Have you ever had a moment where you see something that reminds you of something you always wanted, something you still want, but couldn’t have and won’t ever have and how seeing it brings a smile to your face (at first) and then you have tears rolling downs? Tears you have to hide right then, right there, because you have no explanation.
Human emotions are complicated specially if you are as twisted as me, because you just can’t explain the sudden rush of feelings that come and go without giving you a warning.
I’m not a very complicated person, am one of the easiest puzzle to crack it’s just that I pretend to be ultra crazy. Today after watching Glee I realized how much I dig happy endings, how much I dig people with happy smiley faces…I may be broken but I always like to see others happy. My level of Narcissism only sticks to buying me presents to help me feel better.

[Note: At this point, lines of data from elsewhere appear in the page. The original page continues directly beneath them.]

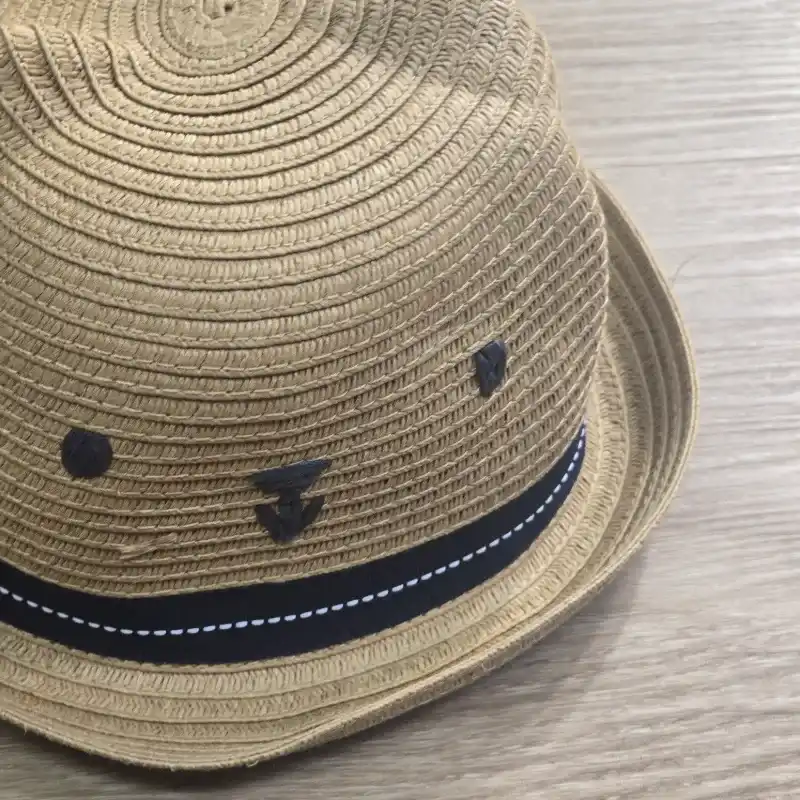 Sombrero playero de osito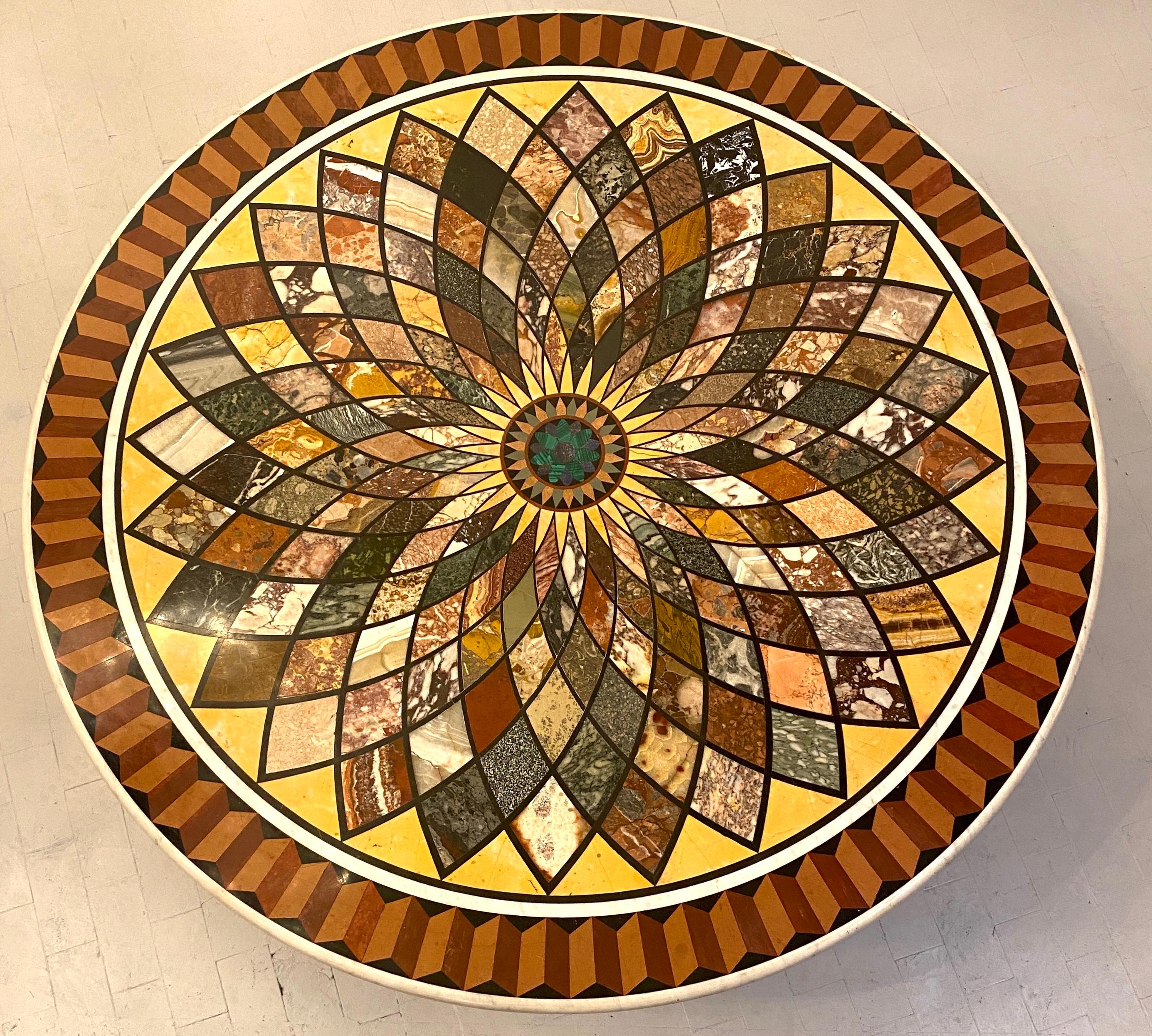 Exceptional 19th Century Italian Pietra Dura Marble Centre Table In Good Condition For Sale In Rome, IT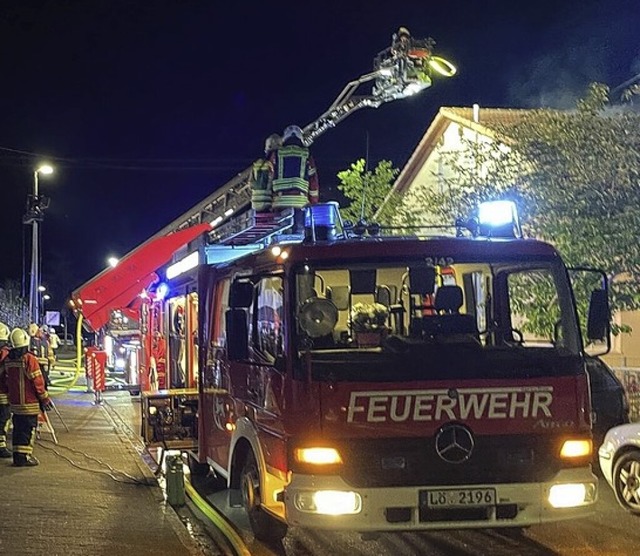 Einsatz an der Geffelbachstrae: Ein Dachstuhl brannte.  | Foto: Feuerwehr Weil am Rhein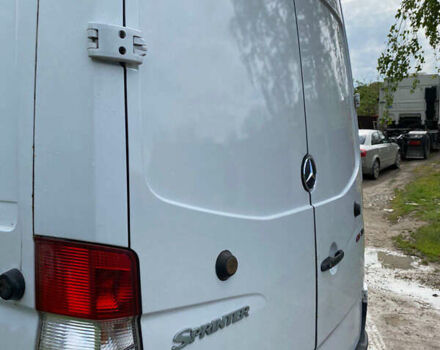 Белый Мерседес Sprinter, объемом двигателя 2.1 л и пробегом 500 тыс. км за 11800 $, фото 8 на Automoto.ua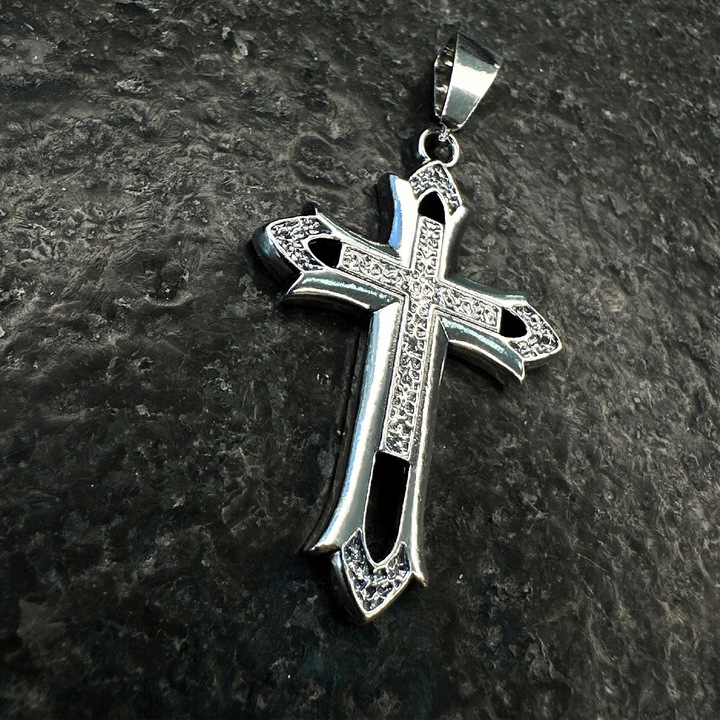 Krzyżyk srebrny męski duży zawieszka srebro 925 solidny bez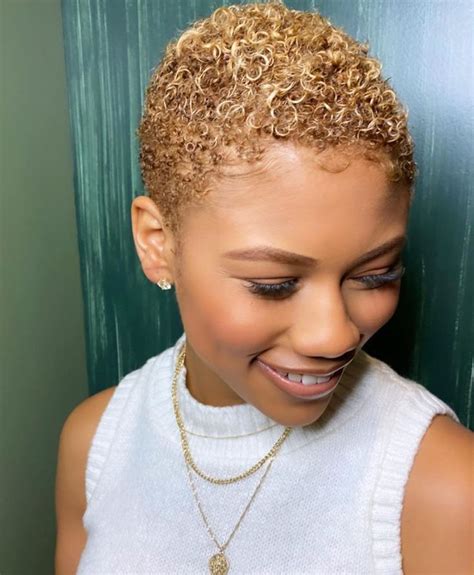 The Cut Life On Instagram “pretty Color And Curls On Chelzchic By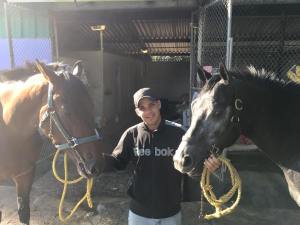 Deland (USA) a la izquierda y Saint Jordi (PUR) a la dercha de su entrenador Edwin Díaz Jr. Foto Cortesía de Luis Del Valle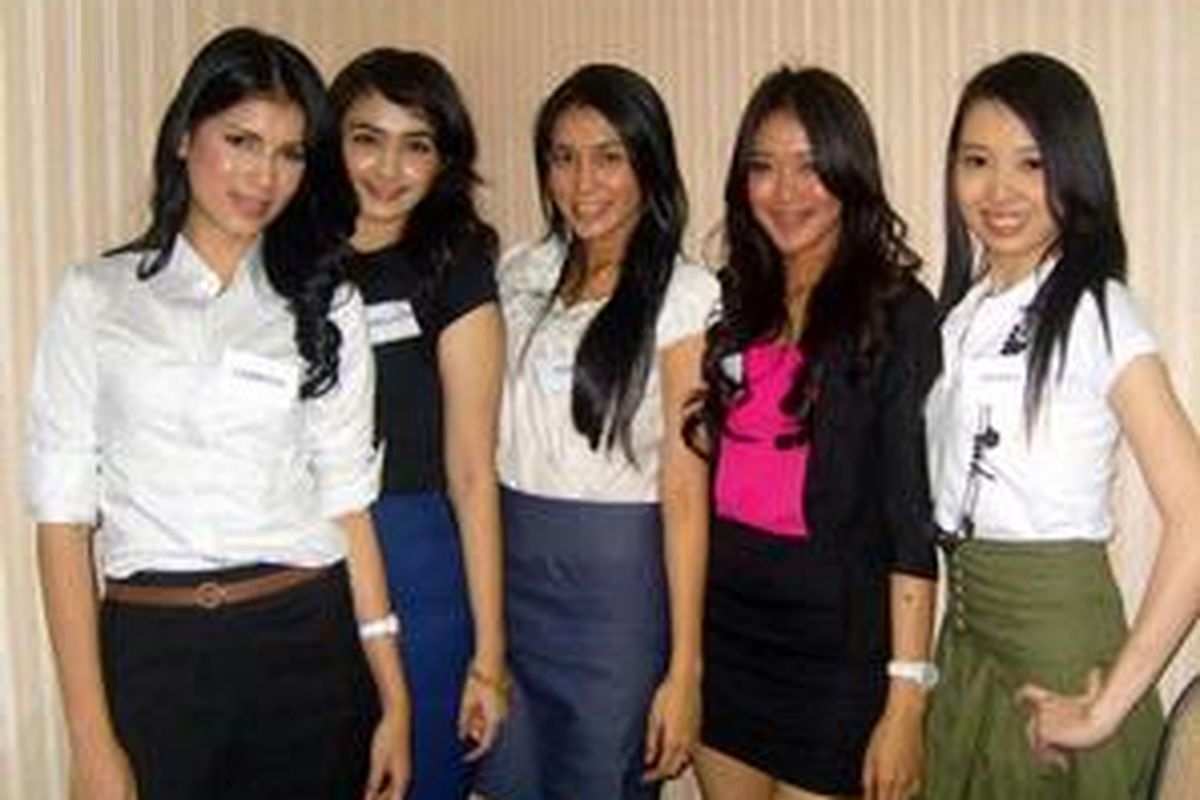 Kiri-kanan: Kandidat PPI 2011 mewakili sejumlah provinsi mengikuti seleksi di Jakarta. Sabrina Wairunnisa dari Sumatera Utara, Chelsy dari Banten, Annisa Ananda Nusyirwan dari Sumatera Barat, Sri Febriani dari Banten, Diana Kristiana Lesmana dari Kalimantan Barat.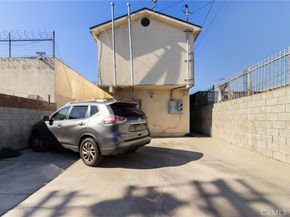 9714 9714 1/4 S Main, Los Angeles CA 90003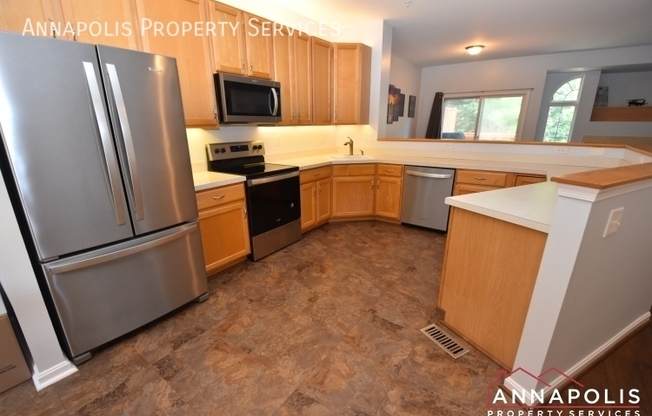 2625 GRAY IBIS CT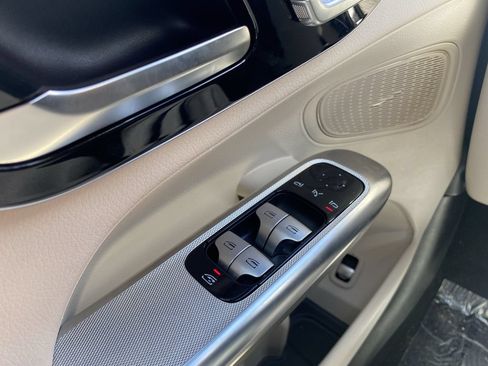 Certified 2026 Mercedes-Benz GLC 300 image 9
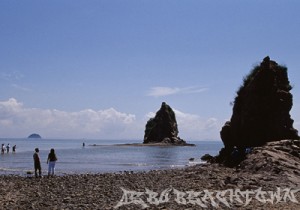 tour3-rocks04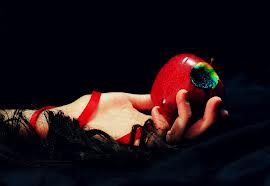 Mela e mente avvelenata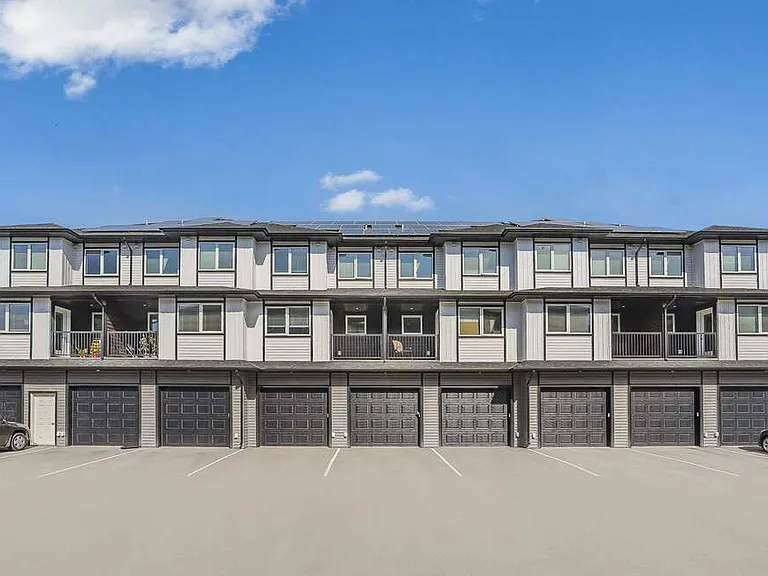 2670 Rosewood Dr — Photo 3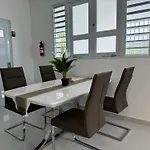 Casa Mi Luz Ilumina Tu Estancia Con Elegancia Y Confort En San Juan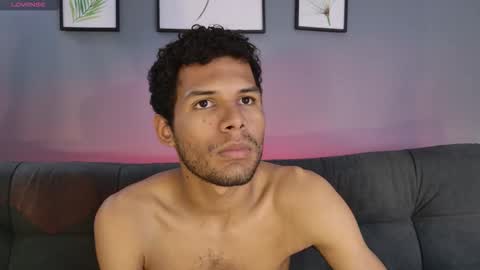 Mia online show from November 11, 2025, 8:20 pm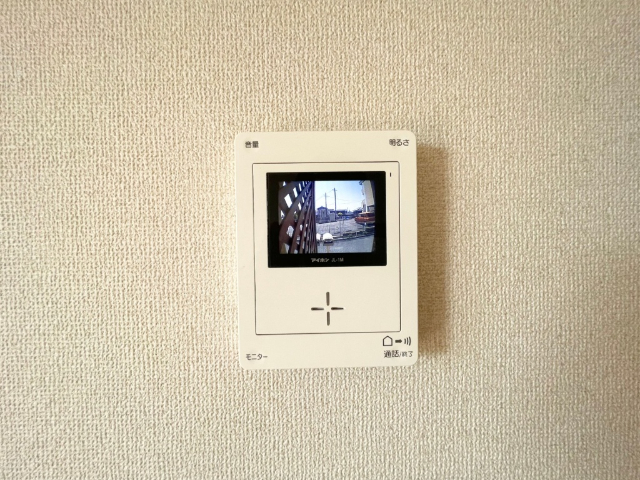 セキュリティ　※室内写真は修繕前の別室サンプル写真。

Anyhow, this post wasn’t supposed to be about my favourite shows like Glee or Greys’s and my love for them because they give me that rush of emotions where I laugh and end up crying.
Today, I had a weird realization.
Have you ever had an urge to befriend a complete stranger so that you can just talk your heart out, without worrying because you know that person doesn’t even know you? Have you ever had an urge of sharing things with someone you don’t know because you know his/her judgement won’t hurt you as much as the judgement of people you love?
I think that’s one reason why I started blogging, apart from the fact that like to write things. Of course I do consider my simple knowledge of writing things as the prime reason, because I know I can write…I once had a dream of becoming a journalist or a published writer which ended into a worthless job of being Batman in Gotham city. But, apart from my need to keep the writer in me alive, I also blog because I find people I don’t know, people who don’t know me and wouldn’t mind whatever I have to say.
The urge to spill the truth in front of someone you don’t know is like a sudden need to get high during the day, hard to resist but you just have to do it.
I often imagine myself as Forest Gump and hope someday I will be sitting on a bench with a stranger and talking about a story…story of me. I imagine myself talking and then the stranger just nodding; giving me shocked or concerned level of eye brow movements and then walking away as I breathe in the lightness of unloading the heaviness, even if it’s for just a while.
You and me on a bench
i say ‘hello my name is Little’
you listen you smile
i talk and talk
you smile & take a walk
i wait for another you
as there is more than a word or two…!!!!